Column: Rejection of Keystone XL pipeline sets climate change precedent

TransCanada's Keystone pipeline facilities in Hardisty, Alberta, Canada, on Friday, Nov. 6, 2015. Following the Obama administration’s rejection of the Keystone XL pipeline, the oil industry faces the tricky task of making sure the crude oil targeted for the pipeline still gets where it needs to go. (Jeff McIntosh/The Canadian Press via AP)

Last Friday, President Obama denied the construction of the Keystone XL oil pipeline that would have spanned 1,179 miles from the oil sands of Canada to the Gulf Coast, carrying about 800,000 barrels of oil per day. The decision came just about a month before a United Nations summit meeting on the topic of climate change scheduled for December in Paris. 

This final stage of a long-standing construction endeavor, of which about 40 percent has been built, would have stretched from Alberta, Canada to Steele City, Nebraska. This final part, however, has been mired in controversy for years. 

Naturally, there were the environmental concerns that are usually associated with projects of this sort. According to NPR, the production of crude oil, the purpose of the Keystone XL project, emits about 17 percent more greenhouse gases when compared with traditional oil drilling throughout the United States. This is due to the fact that the oil must be heated in order to extract it from contaminating sand.

To counter this view, the State Department published an environmental review arguing that the Keystone XL pipeline ultimately would not have contributed a significant amount of greenhouse gases, as the oil would still be extracted and produced via existing means. 

Frankly, this was a weak argument on the part of the State Department that essentially boiled down to “it’s gonna happen anyway so it doesn’t matter if we add to it.”

Another selling point of the pipeline was the potential for a vast number of jobs that could be created. According to NPR, the State Department’s estimates placed the possible number of jobs directly or indirectly related to the construction of the pipeline to be nearly 42,000 and about $2 billion in earnings.

This economic growth would have been short-lived, however, as once the pipeline was finished, only about 50 permanent jobs would be formed in its wake.
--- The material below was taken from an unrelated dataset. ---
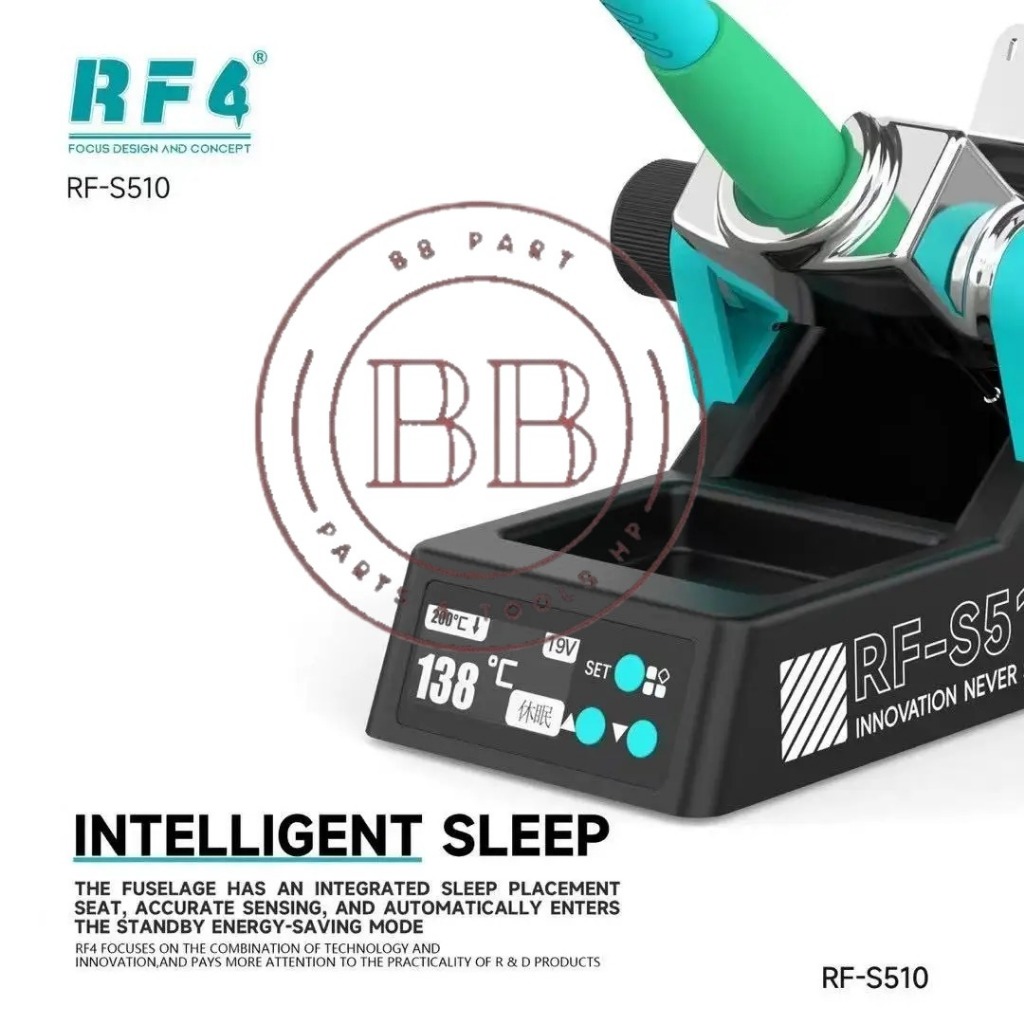 RF4 RF-S510 / RFS510 / RF S510 - Soldering Station Type-C PD Fast Charging, HD LCD Screen, Real-time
Thus, the pipeline appeared to be a less palatable project once its true benefits, or lack thereof, were uncovered. 

The transnational nature of the project granted an extraordinary amount of power to the presidency, as crossing the border between Canada and the United States necessitated presidential approval for the pipeline to be green lit, according to NPR.

President Obama faced division within his own party as those in support of construction unions saw the tangible economic benefits of the project while those rallying behind environmentalism saw the Keystone XL pipeline as further insult to nature. 
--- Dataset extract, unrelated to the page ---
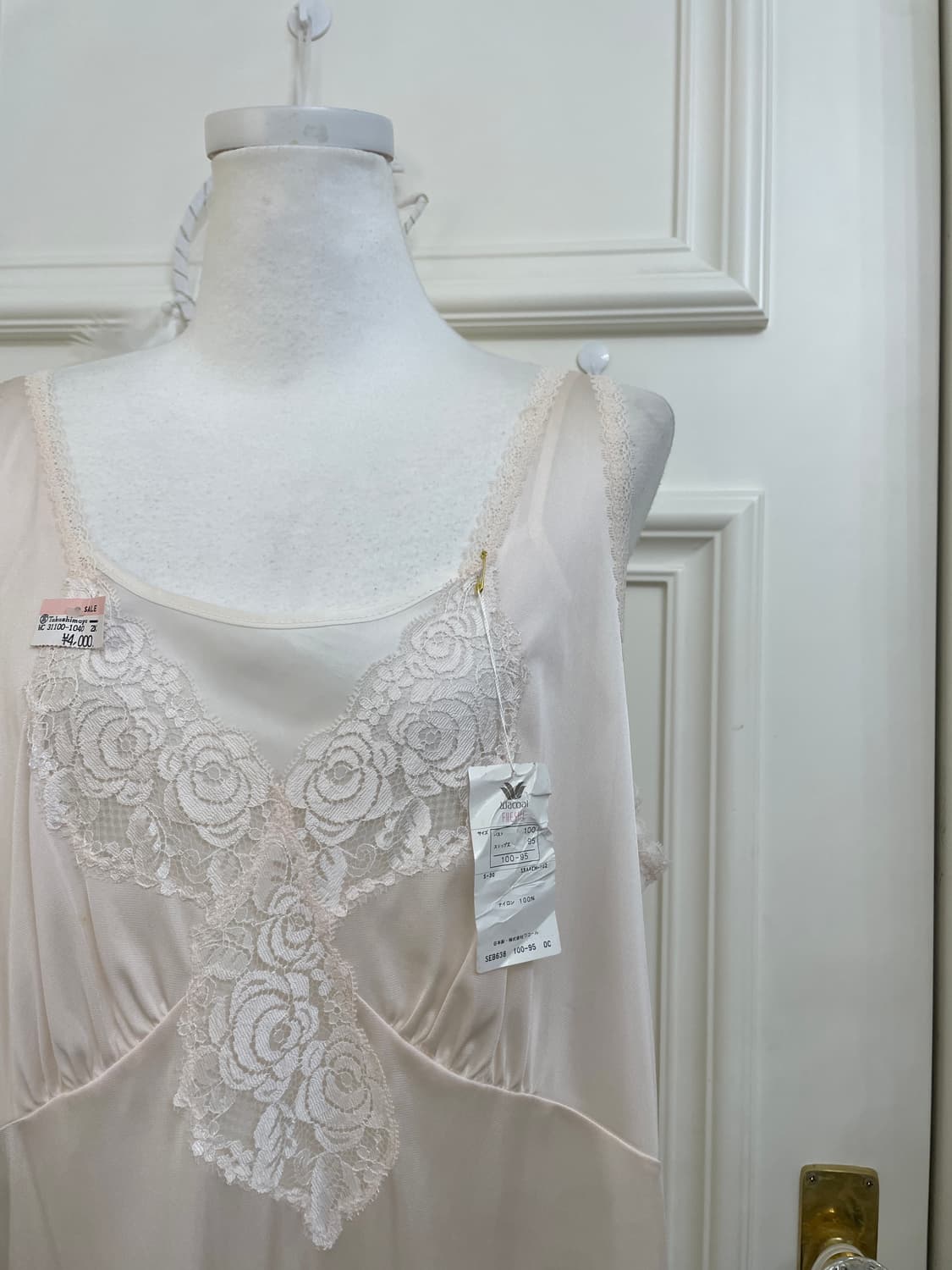 sheer pink lace point shirring slip opc 상품이미지7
The president’s decision on Friday indicates his stance on the matter and his choice represents his administration’s concern for the future of the environment. Thus, the wellbeing of the earth has taken precedence over short-term job growth. 

All things considered, President Obama has made the right decision. His choice is grounded in sound scientific reasoning, as despite being a relative drop in an oil-filled bucket, the Keystone XL pipeline would still contribute greenhouse gases that ultimately induce worldwide climate change. He also saw through the enticing but short-term job prospects that are overshadowed by such grim environmental impacts. Perhaps most importantly, President Obama has realized the legacy he wishes to leave behind in the waning months of his administration.

“America is now a global leader when it comes to taking serious action to fight climate change,” said President Obama in a statement on the pipeline. “And, frankly, approving this project would have undercut that global leadership.”

The president realizes the value in leading through example. His rejection of the project represents a very tangible belief in the threat of climate change—a belief that I hope spreads to leaders in other nations during next month’s U.N. climate change summit in Paris. 

This hard, inconvenient truth is just that: a truth. According to the Intergovernmental Panel on Climate Change, the “scientific evidence for warming of the climate system is unequivocal.” NASA states that this worldwide shift in climate is induced by the accumulation of carbon dioxide in earth’s atmosphere and can ultimately result in far more frequent wildfires, a rise in droughts and a larger number of more severe tropical storms that may devastate many areas of the world.

The president’s choice to curtail the construction of the Keystone XL pipeline may not amount to much more than a symbolic gesture, but such a decision may resound for generations to come.